Kommentar von Martina |

Oh wie wunderbar- ich hab so die Möwe Jonathab geliebt. Krieg ich auch eins von den Bildern. Wir sollten eine Ausstellung organisieren

Kommentar von Problemcousine |

Ich denke, es ist eine feine Symbiose zwischen den Künsten eines segelnden Vogels un der Dünung der Wassermassen. Was hat die Natur ( die uns nicht braucht) an Künstlern im Wind hervorgebracht : tollpatschig startende Papageientaucher, stolz segelnde Möwen, vom eigenen Nest ablenkende Feldlerchen, im Rüttelflug auf Beute wartende Sperber - jede Vogelbeobachtung , ob auf See oder an Land ist faszinierend.

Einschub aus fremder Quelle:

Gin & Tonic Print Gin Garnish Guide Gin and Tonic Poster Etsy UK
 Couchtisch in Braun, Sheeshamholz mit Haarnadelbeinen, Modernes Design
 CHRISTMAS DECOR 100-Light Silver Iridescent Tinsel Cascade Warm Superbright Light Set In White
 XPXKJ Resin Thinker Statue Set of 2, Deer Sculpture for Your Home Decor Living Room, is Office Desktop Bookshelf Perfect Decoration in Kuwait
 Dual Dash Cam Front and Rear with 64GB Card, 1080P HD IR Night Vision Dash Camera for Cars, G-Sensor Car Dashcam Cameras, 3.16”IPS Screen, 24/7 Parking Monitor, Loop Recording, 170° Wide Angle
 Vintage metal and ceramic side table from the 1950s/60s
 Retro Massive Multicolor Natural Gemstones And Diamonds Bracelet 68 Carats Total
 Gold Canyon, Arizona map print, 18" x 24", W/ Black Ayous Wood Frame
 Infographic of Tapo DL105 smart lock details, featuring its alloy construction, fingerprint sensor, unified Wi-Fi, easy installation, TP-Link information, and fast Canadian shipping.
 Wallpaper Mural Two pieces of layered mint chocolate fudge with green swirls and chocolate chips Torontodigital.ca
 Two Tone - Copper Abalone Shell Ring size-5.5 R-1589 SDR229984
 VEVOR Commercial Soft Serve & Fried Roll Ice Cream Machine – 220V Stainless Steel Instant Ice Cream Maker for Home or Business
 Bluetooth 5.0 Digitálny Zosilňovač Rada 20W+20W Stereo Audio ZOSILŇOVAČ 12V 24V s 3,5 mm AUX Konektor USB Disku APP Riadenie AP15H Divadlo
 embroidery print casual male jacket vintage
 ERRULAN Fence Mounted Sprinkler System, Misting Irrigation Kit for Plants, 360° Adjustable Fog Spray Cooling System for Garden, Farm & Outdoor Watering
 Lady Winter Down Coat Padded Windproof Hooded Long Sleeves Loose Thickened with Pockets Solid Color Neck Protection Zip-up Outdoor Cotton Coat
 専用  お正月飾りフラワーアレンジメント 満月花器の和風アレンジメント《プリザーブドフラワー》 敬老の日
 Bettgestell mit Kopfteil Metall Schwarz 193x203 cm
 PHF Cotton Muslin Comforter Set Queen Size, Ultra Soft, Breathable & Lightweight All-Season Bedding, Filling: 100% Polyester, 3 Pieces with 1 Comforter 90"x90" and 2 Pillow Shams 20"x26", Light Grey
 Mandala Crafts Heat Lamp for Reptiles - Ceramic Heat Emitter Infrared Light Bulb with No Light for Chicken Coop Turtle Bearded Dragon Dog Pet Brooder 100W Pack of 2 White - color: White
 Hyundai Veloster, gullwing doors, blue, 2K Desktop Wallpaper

Kommentar von Dieter Buhrau |

Pjotr, das hast Du super toll beschrieben und ich werde daran denken wenn wir es das nächste Mal wieder mit unserer kleinen Knattermaschine versuchen IHNEN auch nur annähernd gleich zu tun. SUPER
Habe mir allerdings erlaubt eine Kleinigkeit am Text für mich zu korrigieren ;-)
Jedes flugfähige Lebewesen hingegen verschmilzt beim Start in seinem ureigenen Element; nicht als Bezwinger der dritten Dimension, sondern als ein Teil von ihr. Die Schöpfung hat sie dazu befähigt, sich mit einem Urvertrauen, das in ihren Genen hinterlegt ist, dem Wind zu überlassen, mit einer Perfektion, die nicht erlernbar ist. Von dem Moment an, wenn ihr Schnabel die Eierschale durchdringt, tragen sie bereits ihr Wissen in sich. Sie können, was sie brauchen. Und was sie nicht brauchen, müssen sie nicht können. Minimalistischer Perfektionismus. Kein Vogel hinterlässt eine Spur am Himmel, die von seiner Existenz zeugen würde. Ihr Flug ist das Sinnbild für den absoluten, den perfekten Augenblick: unmöglich ihn festzuhalten; nicht wiederholbar.